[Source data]

•••••

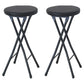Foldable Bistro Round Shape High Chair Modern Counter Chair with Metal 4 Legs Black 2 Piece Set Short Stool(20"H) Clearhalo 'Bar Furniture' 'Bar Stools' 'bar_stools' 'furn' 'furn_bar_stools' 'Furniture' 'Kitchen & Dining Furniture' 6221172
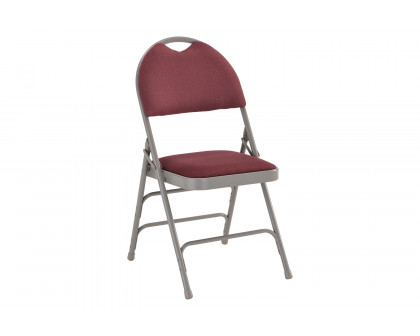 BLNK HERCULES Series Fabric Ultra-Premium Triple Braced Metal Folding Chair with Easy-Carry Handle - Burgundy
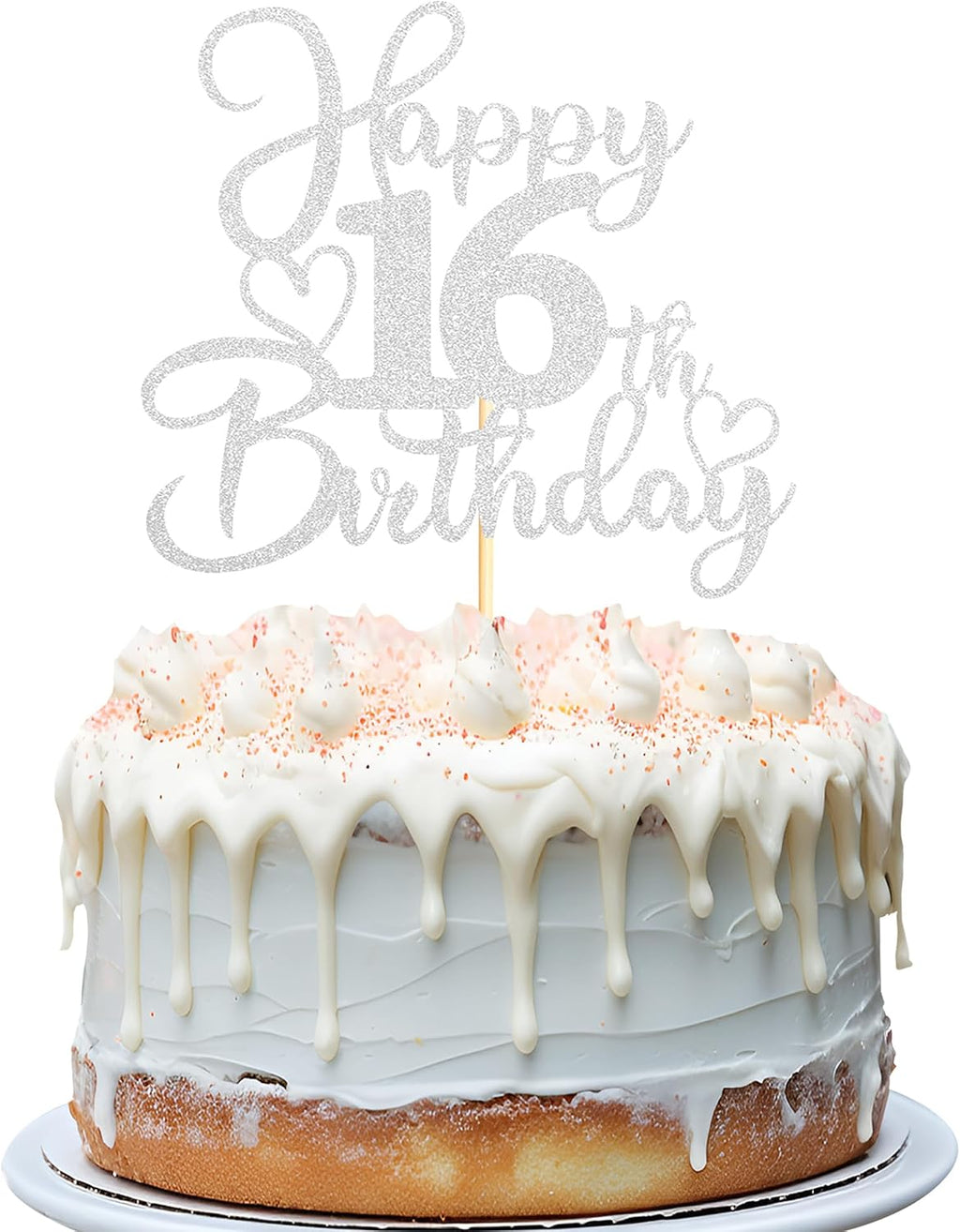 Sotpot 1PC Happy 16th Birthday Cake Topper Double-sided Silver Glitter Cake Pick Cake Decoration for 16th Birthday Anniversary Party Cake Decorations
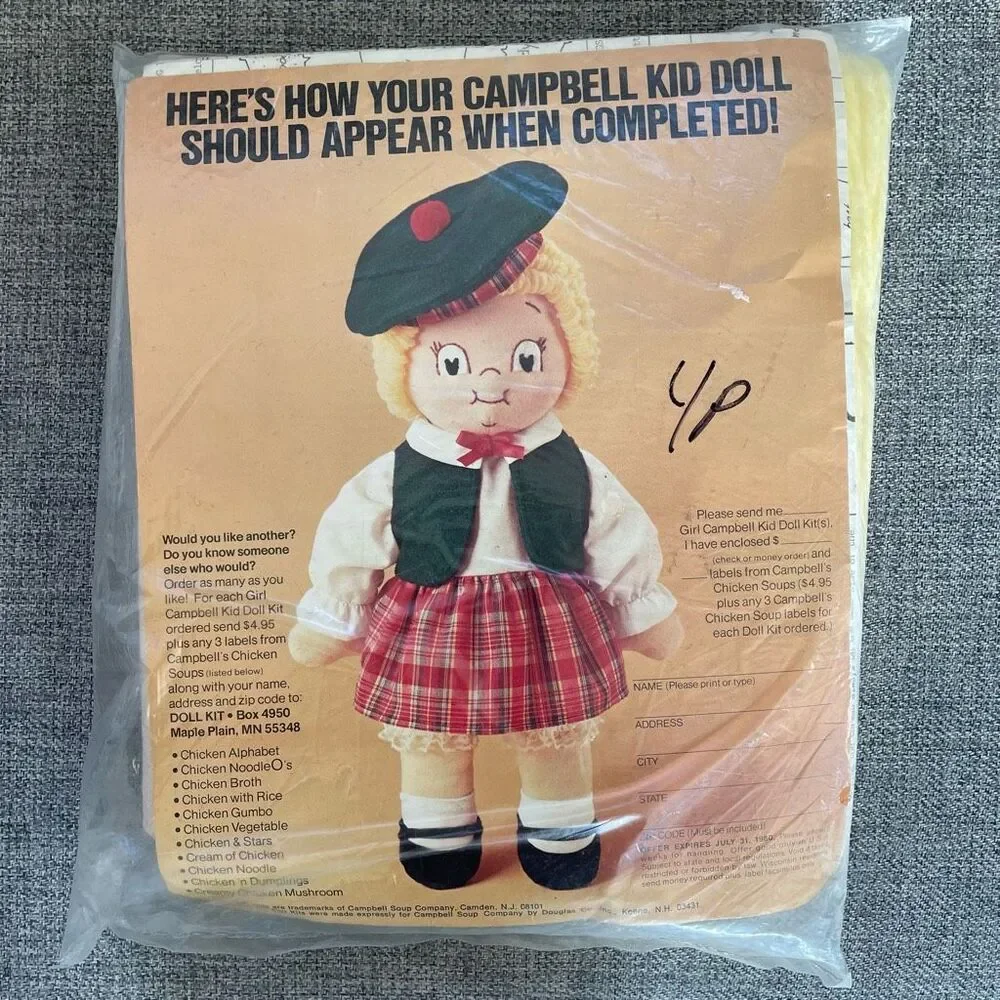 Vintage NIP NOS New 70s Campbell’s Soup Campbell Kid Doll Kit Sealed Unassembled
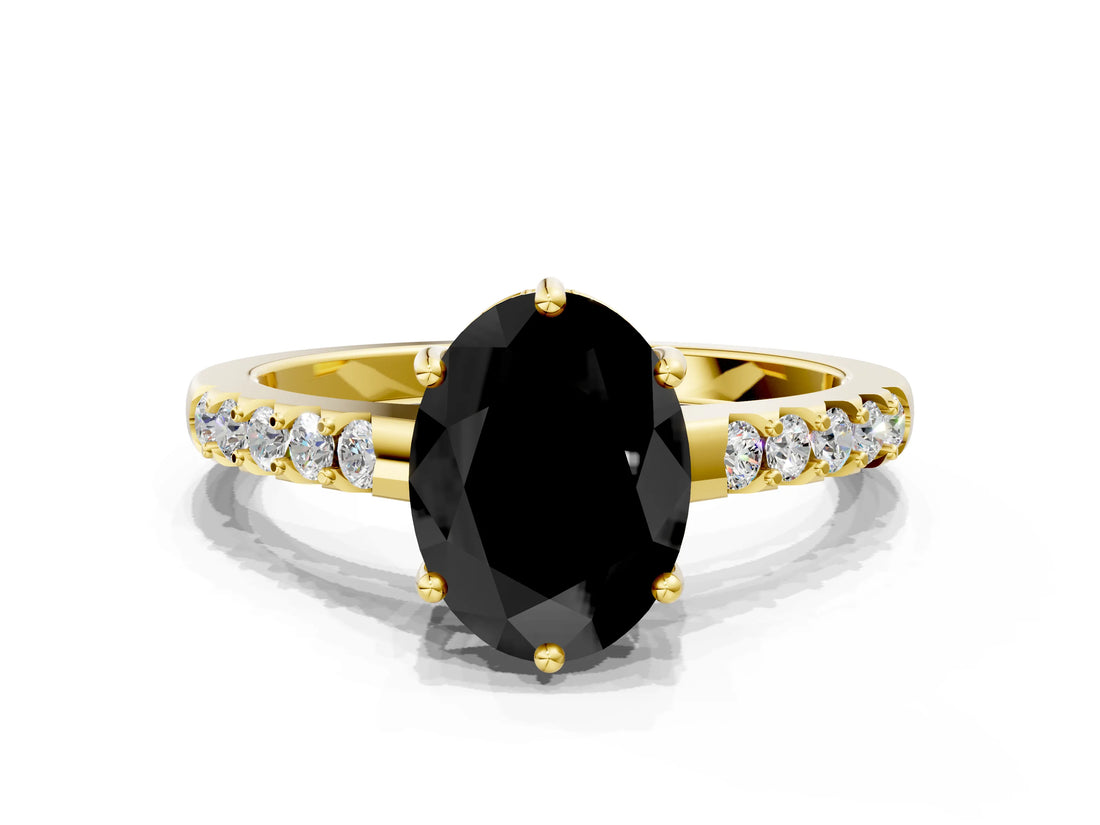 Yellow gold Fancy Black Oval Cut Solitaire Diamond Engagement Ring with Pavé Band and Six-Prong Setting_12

•••••

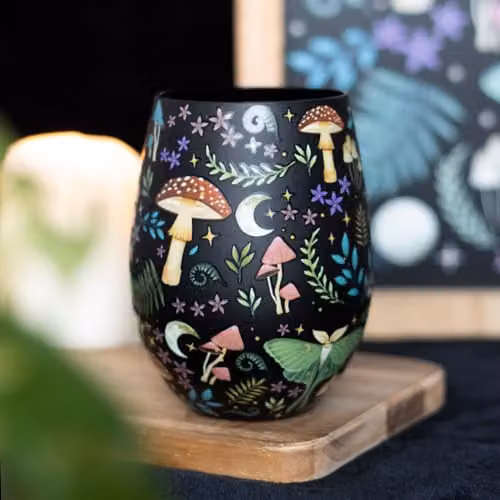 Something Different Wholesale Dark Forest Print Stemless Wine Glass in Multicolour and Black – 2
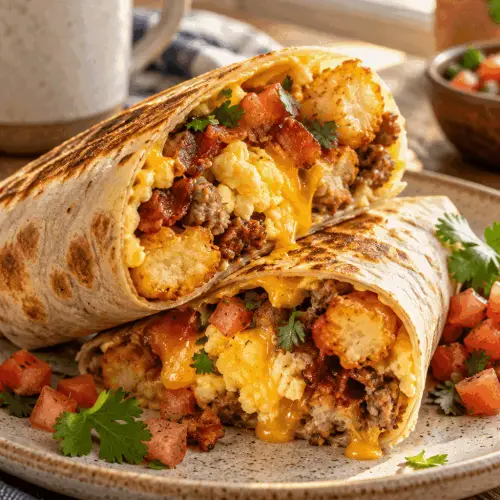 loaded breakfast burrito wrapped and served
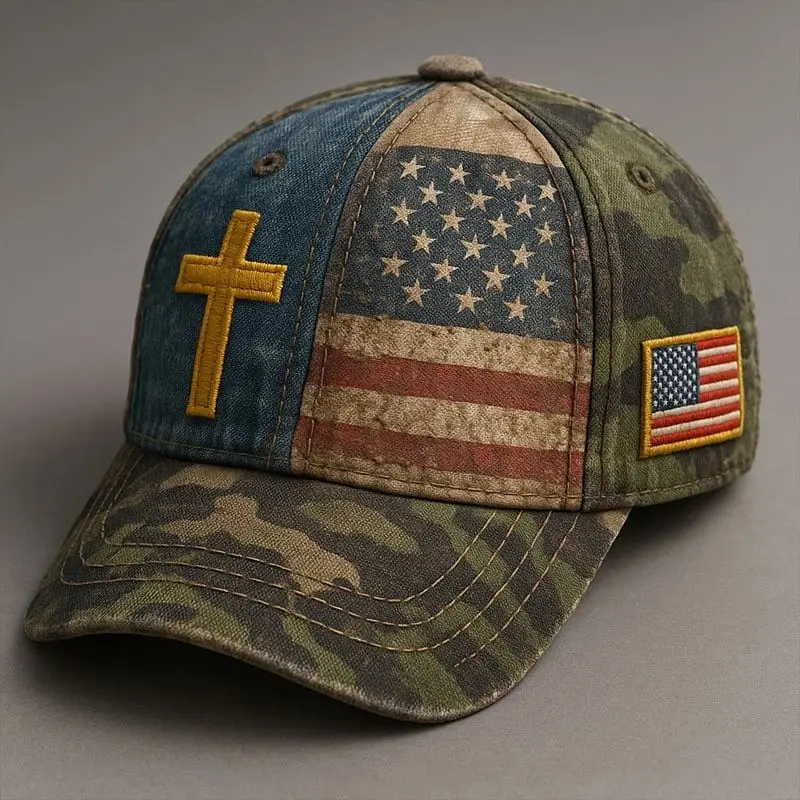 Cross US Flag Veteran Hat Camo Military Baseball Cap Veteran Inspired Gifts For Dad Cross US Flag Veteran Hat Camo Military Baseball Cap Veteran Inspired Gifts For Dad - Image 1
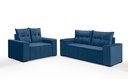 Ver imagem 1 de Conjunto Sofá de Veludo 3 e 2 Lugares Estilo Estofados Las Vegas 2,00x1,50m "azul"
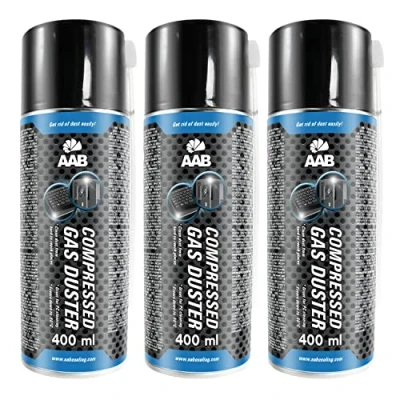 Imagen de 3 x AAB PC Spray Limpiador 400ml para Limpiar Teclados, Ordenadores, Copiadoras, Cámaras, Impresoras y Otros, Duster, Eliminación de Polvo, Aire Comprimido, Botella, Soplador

•••••

Task prompt → Return only the stretch above from the line containing "loaded breakfast burrito wrapped and served" through the line containing "Ver imagem 1", word for word and without pictures.

Answer space →
 loaded breakfast burrito wrapped and served
 Cross US Flag Veteran Hat Camo Military Baseball Cap Veteran Inspired Gifts For Dad Cross US Flag Veteran Hat Camo Military Baseball Cap Veteran Inspired Gifts For Dad - Image 1
 Ver imagem 1 de Conjunto Sofá de Veludo 3 e 2 Lugares Estilo Estofados Las Vegas 2,00x1,50m "azul"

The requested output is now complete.